WASHINGTON -- If President Barack Obama and congressional Republicans are going to find enough common ground to avoid another round of fiscal crisis going to the brink of a government shutdown, they have a lot of distance to cover to come to a compromise. With the release Wednesday of the Senate Republican proposed budget, all the parties involved have put forward their proposals and there is a gulf between the starting marks.

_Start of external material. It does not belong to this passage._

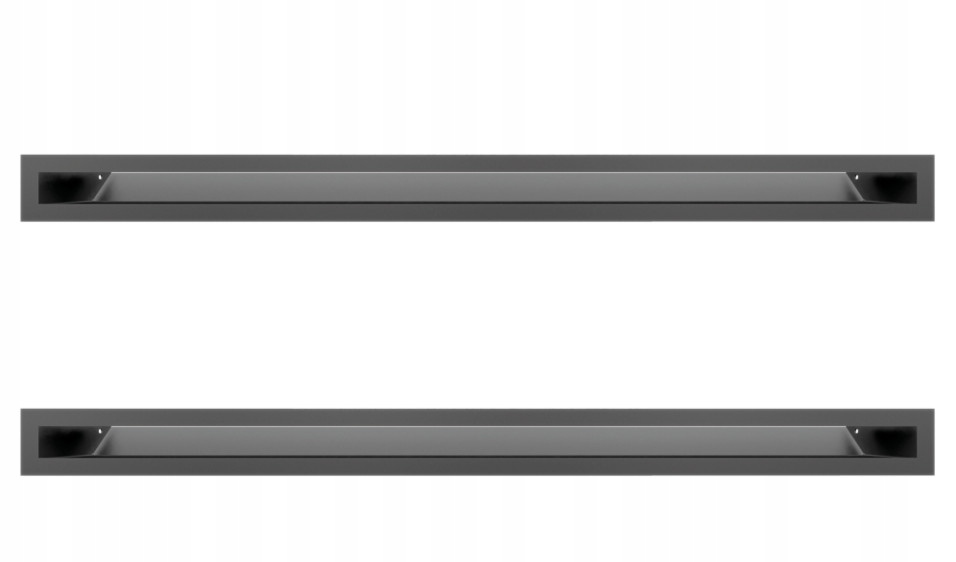 Kratki Luft jednoduché grafit 2ks 60x800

Most budgets when first revealed aren’t designed to be the final product. Republicans in the House and Senate and the White House have put together documents that are more like wish lists than hard demands. But the glaring differences between the two documents -- on issues like defense spending, entitlement programs and the Affordable Care Act -- offer more places to point to differences than common ground. Add in intraparty disputes among congressional Republicans about how to best tackle government spending, and it's a recipe for a long six months before the government must be funded again. Budgets are the starting point in getting to the ultimate goal -- funding the government for the next fiscal year, which begins Oct. 1.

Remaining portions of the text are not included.